Christianity 201

November 11, 2015

gods Forget GOD

by Clarke Dixon (click here to read at source)

We have a prosperity problem. Prosperity causes us to forget God. We intuitively feel this in Canada as our relative affluence seems to be related to our religious apathy. Scripture seems to point this out also:

12 When you have eaten your fill and have built fine houses and live in them, 13 and when your herds and flocks have multiplied, and your silver and gold is multiplied, and all that you have is multiplied, 14 then do not exalt yourself, forgetting the Lord your God. (Deuteronomy 8:12-14 emphasis mine)

This being the case, perhaps we should be praying for a downturn of the economy? If, as we Christians believe, there is nothing as important as one’s relationship with God, then perhaps more misery might make many souls merry?

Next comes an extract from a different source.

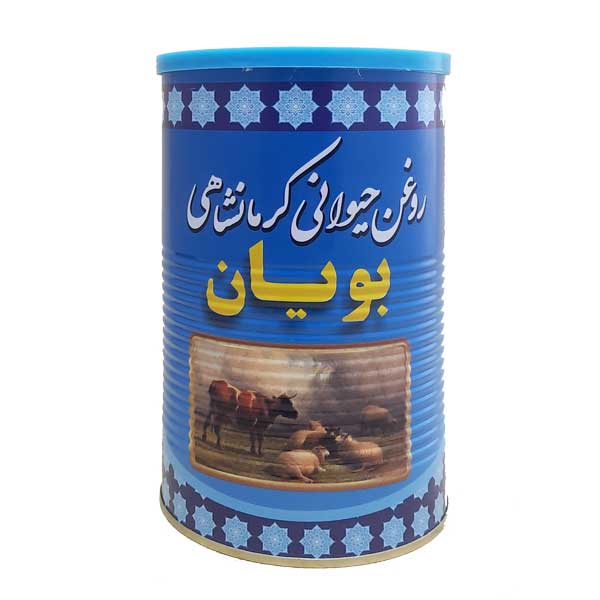 روغن حیوانی کرمانشاهی گاوی گوسفندی بویان- یک کیلویی روغن حیوانی کرمانشاهی گاوی گوسفندی بویان- یک کیلویی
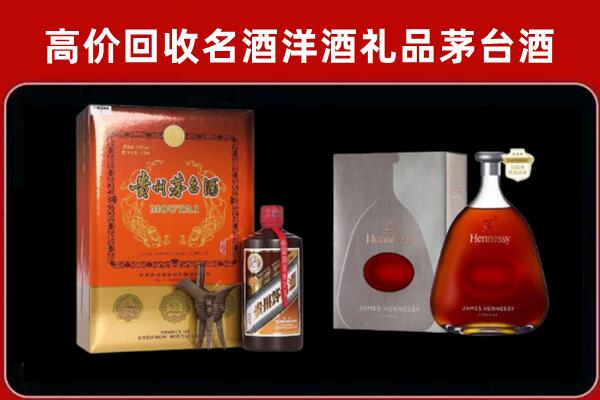 于洪回收轩尼诗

Or is prosperity really the problem? Let’s take a look at those verses again, but let me move the highlighting:

12 When you have eaten your fill and have built fine houses and live in them, 13 and when your herds and flocks have multiplied, and your silver and gold is multiplied, and all that you have is multiplied, 14 then do not exalt yourself, forgetting the Lord your God. (Deuteronomy 8:12-14 emphasis mine)

Or as another translation puts it, “your heart will become proud and you will forget the Lord your God”  (NIV). We do not have a prosperity problem. We have a heart problem. Proud hearts are prone to forgetting God.

The heart problem was to be the heart of the problem for God’s people as they entered the Promised Land. Things would be better for them, this is the land flowing with milk and honey after all. But in prosperity and all that has been achieved would be the danger of self-congratulations:

. . . then do not exalt yourself, forgetting the Lord your God, who brought you out of the land of Egypt, out of the house of slavery, 15 who led you through the great and terrible wilderness, an arid wasteland with poisonous snakes and scorpions. He made water flow for you from flint rock, 16 and fed you in the wilderness with manna that your ancestors did not know, to humble you and to test you, and in the end to do you good. 17 Do not say to yourself, “My power and the might of my own hand have gotten me this wealth.” 18 But remember the Lord your God, for it is he who gives you power to get wealth, so that he may confirm his covenant that he swore to your ancestors, as he is doing today. (Deuteronomy 8:14-18 emphasis mine)

We are prone to being self-congratulatory. We are prone to wanting the glory. Just look at all we have achieved. A great team of men and women worked hard to put a man on the moon. We might ask who should get the MVP award for making such an achievement possible. Who deserves the most glory? The astronauts? The scientists? The technicians? The taxpayers? And in deliberating the question we forget that God put the moon there in the first place, not to mention the earth, not to mention the materials in the earth fit for building a spacecraft, not to mention the rules of physics, not to mention the potential of the human mind to dream, and the capacity of human hands to create. Even in the greatest of human achievements, God deserves glory.

As humans we have great potential. Yet we do nothing without God’s gift of potential. We innovate. But we do not innovate without God. We succeed and achieve. But we do not succeed and achieve without God. We live. But we do not live without God. We love. But we do not love without God. To God belongs the glory.

Deuteronomy chapter eight does not leave us without an antidote to our forgetfulness. Though some translations take verse ten as concluding verses 1-9, I think the NIV gets it correct with putting it with what follows:

10 When you have eaten and are satisfied, praise the Lord your God for the good land he has given you. 11 Be careful that you do not forget the Lord your God, . . .  (Deuteronomy 8:10-11 NIV emphasis mine)

Praise is the cure for forgetfulness. It is in praising God that our hearts are humbled. It is in praising God that our hearts are filled with the wonders of God. It is in praising God that we recognize where the glory truly belongs.

Praise keeps us from stealing God’s glory. Even in matters of salvation we are prone to wanting to steal God’s glory. We think we can be good enough that God will have to accept us. “Yes, He is holy, but I can be holy too.” Actually no. We can no more be good enough before God based on our own righteousness than the Israelites could cross the Red Sea on dry ground by their own miracle working. We depend on God’s grace, God’s work of salvation through Jesus Christ. We cannot steal God’s glory.

So do we have a prosperity problem? We have a heart problem. It is in trying to be gods, we forget GOD. If we have no appetite for God, perhaps it is not that we have too much stuff, so much as we have stuffed ourselves with too much of our own glory.

Not to us, Lord, not to us
but to your name be the glory,
because of your love and faithfulness.
(Psalms 115:1 NIV)

All Bible references are from the NRSV unless otherwise noted.